The difference between the total directional connectedness TO and FROM others results in the net total directional connectedness, \(NET_i\), which illustrates the net influence on the predefined network. If \(NET_i>0\) (\(NET_i<0\)), we know that the impact series \(i\) has on all others is larger (smaller) than the impact all others have on series \(i\). Thus, series \(i\) is considered as a net transmitter (receiver) of shocks and hence driving (driven by) the network.

PlotNET(dca, ylim=c(-30,30))

On the bilateral level, the net pairwise directional connectedness measure, \(NPSO_{ij}\), is of major interest. If \(NPSO_{ij}>0\) (\(NPSO_{ij}<0\)) it means that series \(i\) has a larger (smaller) impact on series \(j\) than series \(j\) has on series \(i\).

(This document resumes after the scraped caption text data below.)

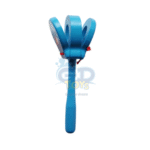 Clapper Stick Big - Image 2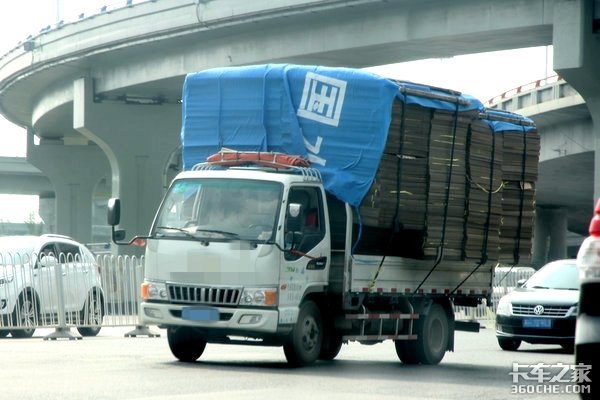 ���ڣ��ָ���ɫ������&nbsp;���Ͳ��ͳ�����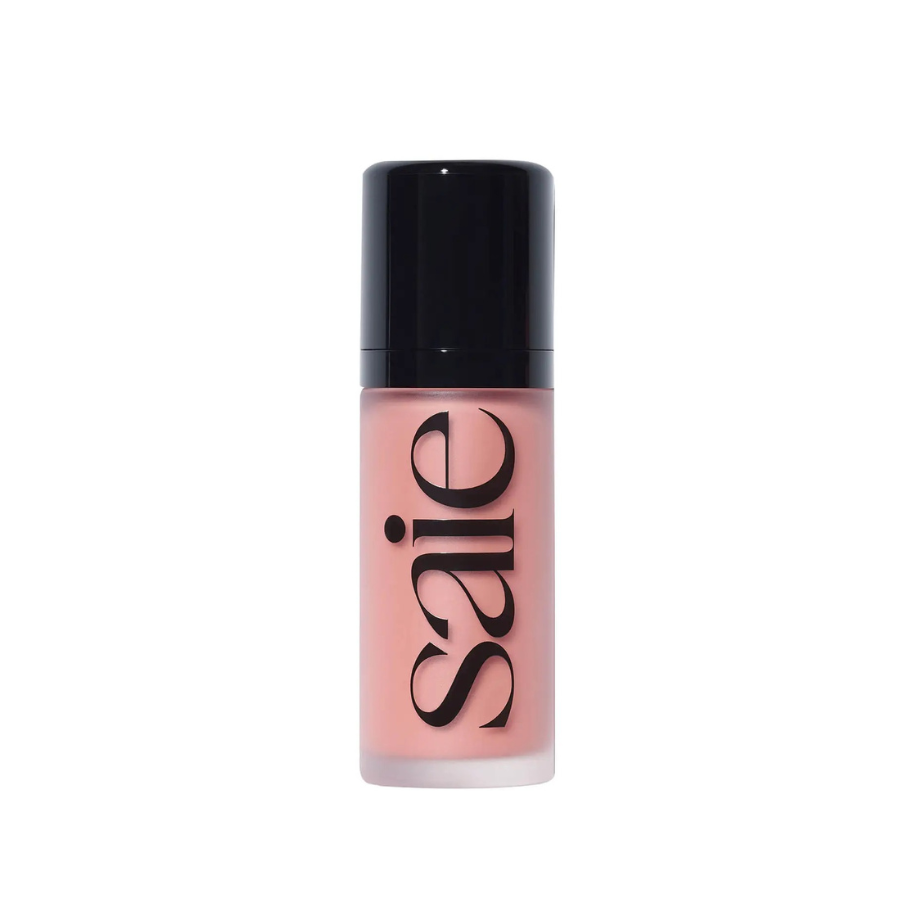 Saie – Dew Blush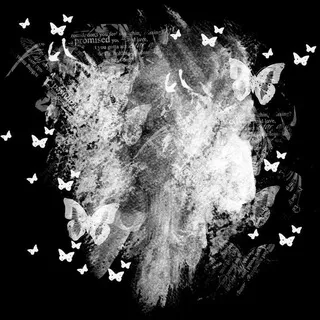 hxllactm archive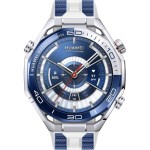 Watch Ultimate 2 Blue HUAWEI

PlotNPDC(dca, ylim=c(-20,20))

What other connectedness plots are available:

Furthermore, the pairwise connectedness index (\(PCI\)) illustrates the TCI on a bilateral level. Thus, the \(PCI\) is equal to the \(TCI\) if a network with only two series is considered. As the calculation of the TCI between two series might lead to bias results - as only two series are considered even though more might have an impact on each series - computing the PCI based upon a large network is not only more efficient than calculating the TCI of multiple small networks, it also leads to a more accurate result caused by the unbiased coefficient estimates of the VAR model.

PlotPCI(dca)
## The pairwise connectedness index is implemented according to:
##  Gabauer, D. (2021). Dynamic measures of asymmetric & pairwise connectedness within an optimal currency area: Evidence from the ERM I system. Journal of Multinational Financial Management, 60, 100680.

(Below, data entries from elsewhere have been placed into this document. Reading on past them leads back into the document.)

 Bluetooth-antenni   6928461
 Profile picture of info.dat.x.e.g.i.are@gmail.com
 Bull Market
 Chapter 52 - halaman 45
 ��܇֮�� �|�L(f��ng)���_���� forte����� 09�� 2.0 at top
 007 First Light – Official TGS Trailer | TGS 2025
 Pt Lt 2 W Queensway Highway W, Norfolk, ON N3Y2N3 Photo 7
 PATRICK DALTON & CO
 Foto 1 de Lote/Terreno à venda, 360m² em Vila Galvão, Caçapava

Another interesting plot is the net pairwise transmission plot which illustrates how many series series \(i\) dominates. If the network consists of \(k\) series, one series can at maximum dominate \(k-1\) series. This plot summarizes the net transmission mechanism of each series.

PlotNPT(dca)

The package also includes the net influence index which is identical to the net pairwise directional connectedness plots, however, highlights the changes in percentage and not in levels.

PlotINF(dca, ylim=c(0,100))
## The influence connectedness index is implemented according to:
##  Gabauer, D. (2021). Dynamic measures of asymmetric & pairwise connectedness within an optimal currency area: Evidence from the ERM I system. Journal of Multinational Financial Management, 60, 100680.

Finally, network plots which represents the NPDC and PCI are provided as well:

PlotNetwork(dca, method="NPDC")

PlotNetwork(dca, method="PCI")

Is this all the package can do?

No! There is even more this package can be used for. This package does not only allow to estimate the standard VAR, it also estimates quantile, LASSO, Ridge, ElasticNet and time-varying parameter VAR models. In addition to the Diebold and Yilmaz (2009,2012) orthorgonalized and generalized connectedness approaches, the frequency connectedness, joint connectedness and extended joint connectedness approaches can be utilized. Besides the pairwise connectedness, net influence, and net pairwise transmission plot, it is also possible to calculate decomposed - external and internal connectedness – and partial connectedness measures – exclusive and inclusive – as well as conditional and aggregated connectedness measures. Those topics will be discussed in upcoming chapters.